What’s more, much of the first mile data already out there is either insufficient or incorrectly classified. There have been cases where palm oil tree plantations have been misclassified as forests, for example, which in turn would create incorrect flags for EUDR’s deforestation requirements once it is enforced. It’s therefore crucial that businesses utilize technology to generate and validate datasets themselves. The good news is that satellite output now offers 10-meter resolution imagery, enabling businesses to monitor land use change, forest degradation, or methane emissions across vast areas with granularity.
Going one step further, agentic AI can implement expert workflows that can abstract complexity at a massive scale. For example, synthesising vast and heterogeneous datasets, from satellite imagery to transactional records, into actionable, defensible insights at the scale and speed that modern supply chains operate.

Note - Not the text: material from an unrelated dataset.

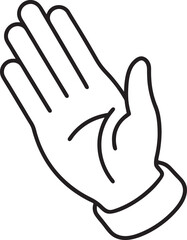 hand icon over white background, line detail style, vector illustration design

Cacao is one crucial example of how harvests have changed over recent years. Its huge price spikes have been driven by fundamental shifts in production conditions across West Africa. This is because cacao is particularly susceptible to climate related viruses like swollen shoot disease caused by heavy rainfall, which can decimate crop harvests. In fact, in Ghana and Côte d’Ivoire, where over 50% of the world’s cocoa originates, prolonged rainfall, disease, soil degradation and rising temperatures have undermined yields – forcing manufacturers to make choices between cost, quality and composition.

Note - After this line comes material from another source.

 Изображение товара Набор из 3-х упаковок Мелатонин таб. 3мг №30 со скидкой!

Yet with satellite imagery and AI, businesses can gain greater insight into their sourcing regions and understand where may be most susceptible to flooding based on recent weather events. With advanced remote sensing capabilities, satellites offer a continuous, bird’s-eye view of sourcing regions and the risks from extreme weather. Then, acting as a connective tissue between data sources, AI can apply deep scientific expertise to analyze and predict harvest success in the future. With this intelligence, businesses will understand where their biggest risks exist. Further still, they can take either preventative measures to improve harvests, or source new harvesting regions to mitigate another unsuccessful year.
The power in prediction and prevention
It’s undeniable that preventing disruption is more cost-effective than managing a crisis. For businesses in 2026, it’s crucial they prioritize supply chain resilience. A successful supply chain is one that can integrate predictive models and environmental risk insights into their planning cycles in order to reduce exposure, limit losses, ensure operational efficiency and act faster.
The reality is that companies that are able to detect risk and monitor the success of harvests throughout the year, then allowing preventative action, will be the ones that succeed as extreme weather events continue to expand risk posture in the coming decade. Climate-resilient operations should be a key consideration at board level, and technology will be critical in making this shift a possibility.